『偽りなき者』冤罪事件の作り方

偽りなき者

原題 : ~ JAGTEN ~

作品情報

監督・キャスト

監督: トマス・ヴィンターベア
出演: マッツ・ミケルセン、トマス・ボー・ラーセン、アニカ・ヴィタコプ、ラセ・フォーゲルストラム、スーセ・ウォルド、ラース・ランゼ

受賞

第65回カンヌ国際映画祭 コンペティション部門・男優賞受賞(マッツ・ミケルセン)

日本公開日

公開: 2013年3月16日

レビュー

☆☆☆☆

2013年10月9日。DVD観賞。

 
原題は直訳すると「HUNT」=狩り…である。

本当に狩られている感覚だった。

こんな馬鹿馬鹿しい事、ある!?

と、怒りで頭がおかしくなりそうだった。

見ている間、ずっとイライラした。だって…理不尽極まりないじゃないか。

特に、きっとアレはああなるんじゃないだろうか、という嫌な予感が的中しちゃったシーンなんか…もう。

あらすじ

失業し、離婚し、1人息子を自分の元に呼び寄せたい中、幼稚園の助手という仕事を得て安定した暮らしを始めたルーカスは、ある1人の少女の作り話によって過酷な生活を強いられることになる。

恐るべき子どもと集団パニック

子どもは無垢で嘘などつかないなど、どうして本気で思えるのだろう。

自分の子どもを信じたい気持ちは分かる。
でも、どうしてそうなっちゃうの

いわゆる「集団パニック」の恐ろしさが描かれる本作。

閉鎖された世界の頭のおかしい権力者が「あいつが悪い」と断定する→知的な識者だと信じている人たちがあっという間に話に巻き込まれる→犯人断定。

冤罪事件の作り方。

この過程の間に「疑い」が何もないことが恐い。こんな現実あったら恐い。

子供の頃からずっとこの町の住人なんだよね。みんな…。友情って一体何なのだ。

主人公・ルーカスが引きこもりで友達もいなくて以前から不審者っぽかったならまだ解るけれども、仲間はいっぱいいたはずなのに。

 

周防正行監督の「それでもボクはやってない」と、似た感覚はあるものの、信じてくれる心強い味方がいない分、あれよりももっともっと気分がドロドロする。まさに狩られていく感じ。

後味悪すぎるラスト

結末も全くスッキリしなかった。
私だったら、あんな町に住み続けられないけど。

そして、ラストのあのシーンは不要だったと思う。

サスペンスとして秀逸だとは思う。いい映画だとも思う。

少なくとも教えてくれる事はある。

汝の隣人を信ぜよ…と。

血圧の高い方にはお薦めしません。ブチ切れそうだから。

 


以下ネタバレ感想

 

ファニーーーーーーー!!!!!!

 
ああなるんじゃないかと思ったんだよ。…もう、すっごく心配していたらその通りになった。

犬に罪はないだろ~。

「変質者」を追い詰めるつもりで自分自身がおかしくなっちゃってるのが解らない「誰か」。恐すぎる。

 
園長のグレテに話を切り出された時に、どうしてもっと本気で否定しなかったんだろう。

まぁ…子どものたわ言が自分を本当に追い詰める結果になるとは思ってもみなかっただろうから……。

本人の居ない所でどんどん広がっていく嘘。

 

じゃあ彼は見せたんだね。
きみに触らせた?
白い物が出た?

誘導してるじゃないか。
犯罪と犯人を作り上げているじゃないか。

子どもに罪はないのだろう。

しかし、ごめんなさい。私はこの子を許せないし、この子の親も許せない。特にグレテは許せない。

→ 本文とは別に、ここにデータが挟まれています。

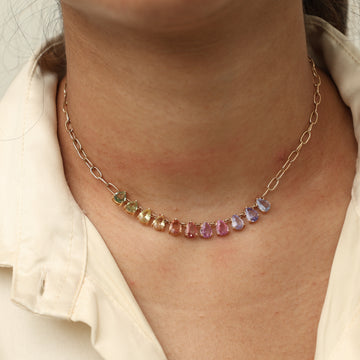 Rainbow Sapphire Pear Prong  Set Link Chain  Necklace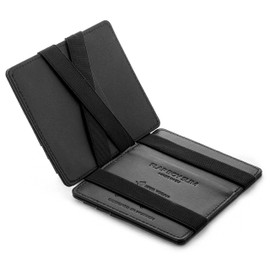 Jaimie Jacobs Flap Boy Slim without Coin Compartment Magic Wallet Integrated RFID Protection Magic Wallet Genuine Leather, Vegan black, Wallet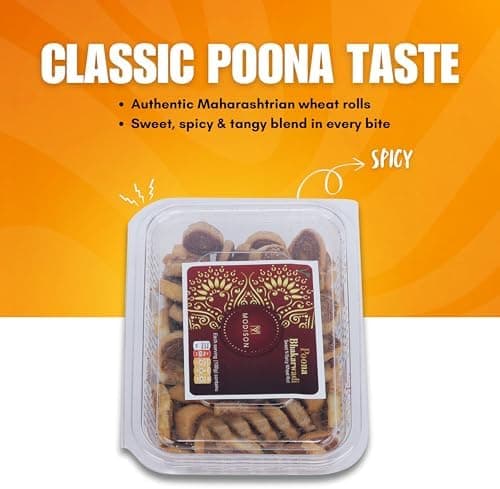 MODISON Bhakharwadi Mini Indian Snacks Spicy Wheat Rolls 180g alternate image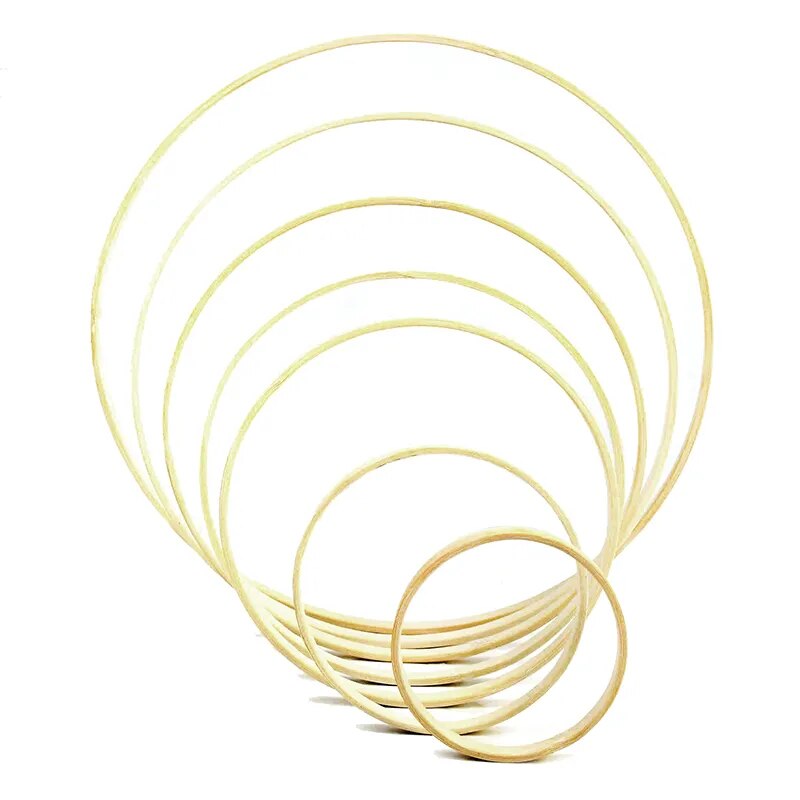 5Pcs 9/12/17/19/22/26/30cm Wooden Bamboo Hoop Frame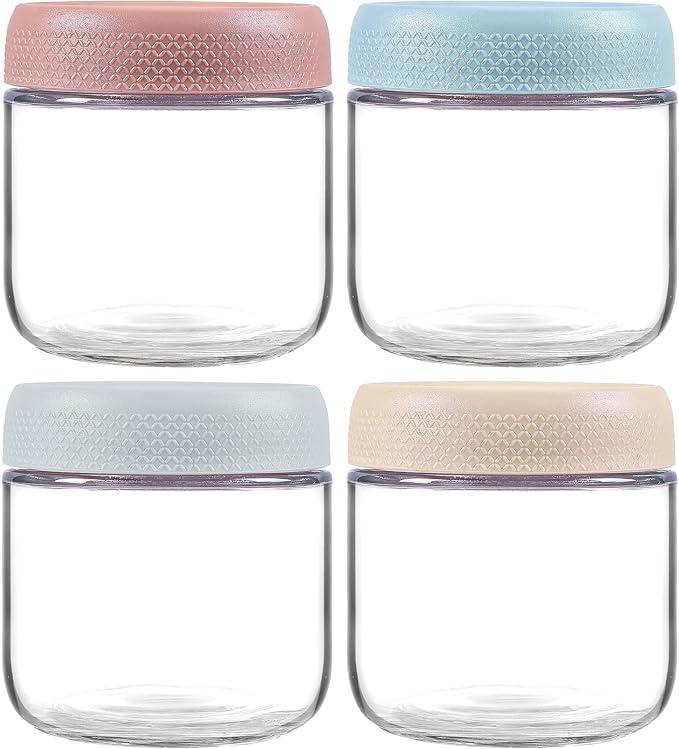 MOLADRI 3 Pack Glass Clear Storage Canister with Airtight Lid, 12oz Overnight Oats Containers, Small Cute Decorative Pantry Jar for Snacks, Yogurt, Cereal, Fruit, Salad, Spice, Sugar, Coffee, Tea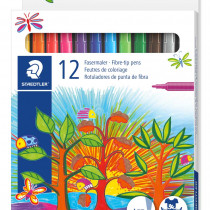 Staedtler Fibre Tip Pens - Assorted Colours (Pack of 12)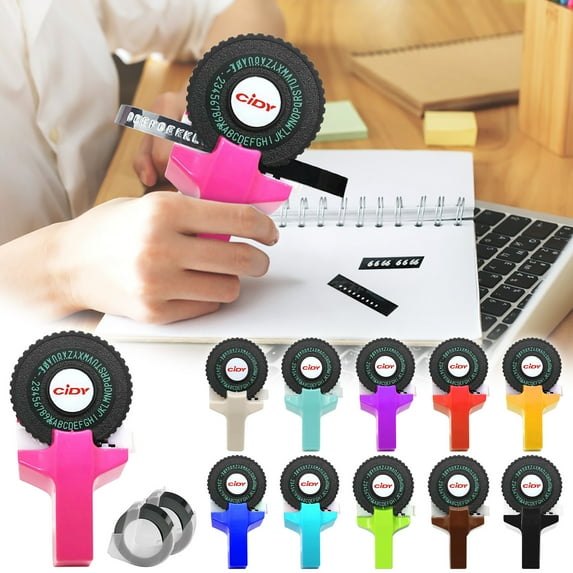 Savings Embossing Label Maker Machine with Tapes,Mini Portable Embossed Label Printer with 2 Rolls Embossing Label Tapes,Manual Lettering Machine,Easy to Operate Efficient Labeling Label Printer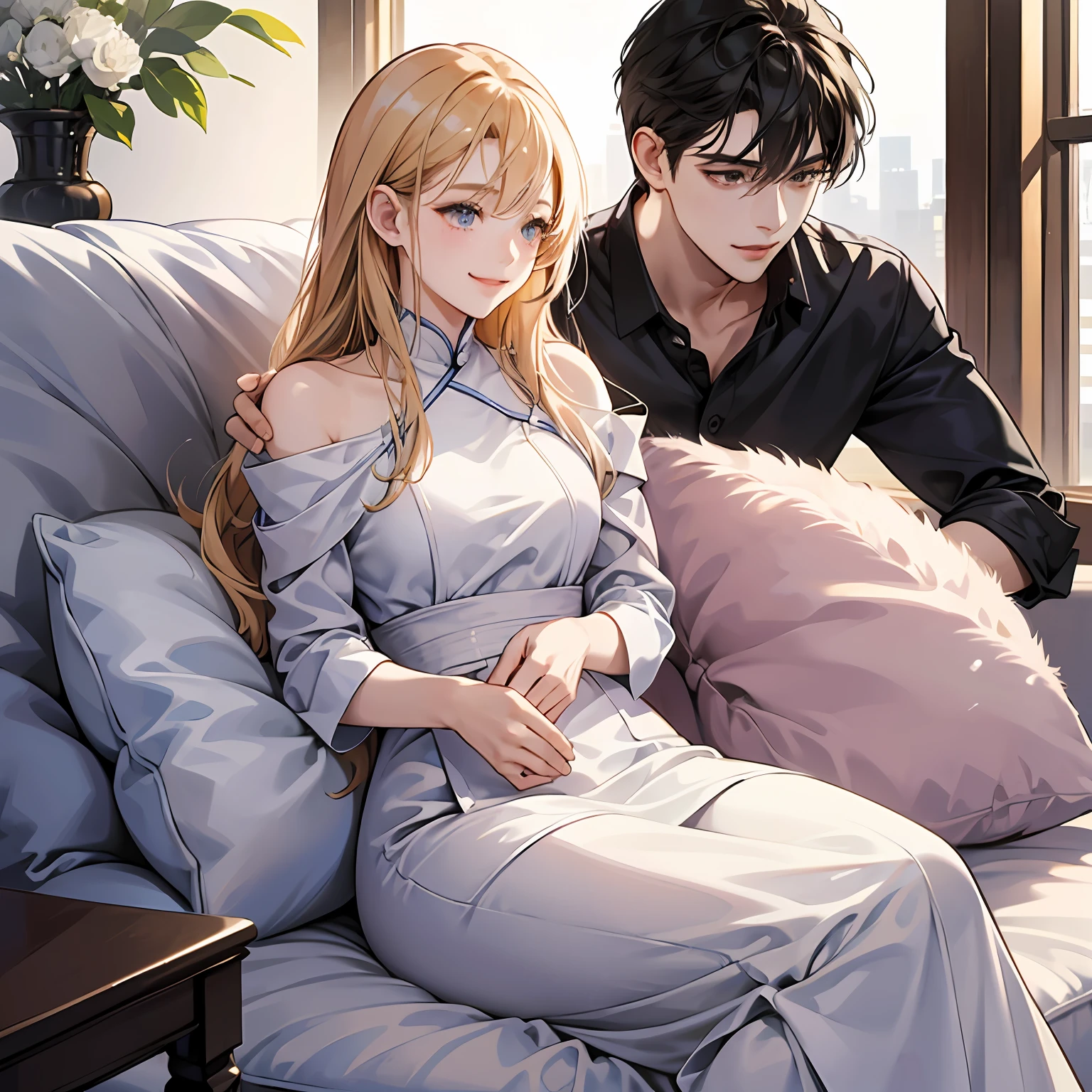 Woman smiling gracefully、Express confidence and decency。 The appearance of snuggling up to the other person with a natural gesture、Exudes warmth and closeness。 Relax your shoulders、You can make your standing look beautiful。Adults、foreigner --auto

訴えるわ。そして、こんな裏切り者だらけの町には住まないわ。

ルーカスは心が広すぎる…。

仕事も信用も失って愛犬まで失くしたのに

「父よ。というだけであなたは神の子になれる」

…じゃねーーよ

…と思ってしまった私は心が狭すぎるのでしょうか、神よ。

 

私たちがこの映画を見て考えなくてはならないのは、こういう人を作らないためにどうすればいいかという事。

子どもは信じてあげたいよ。
けれども、嘘を広げた大人のせいで、この子も傷つく結果になった。

真実を見極めるって、きっと難しい。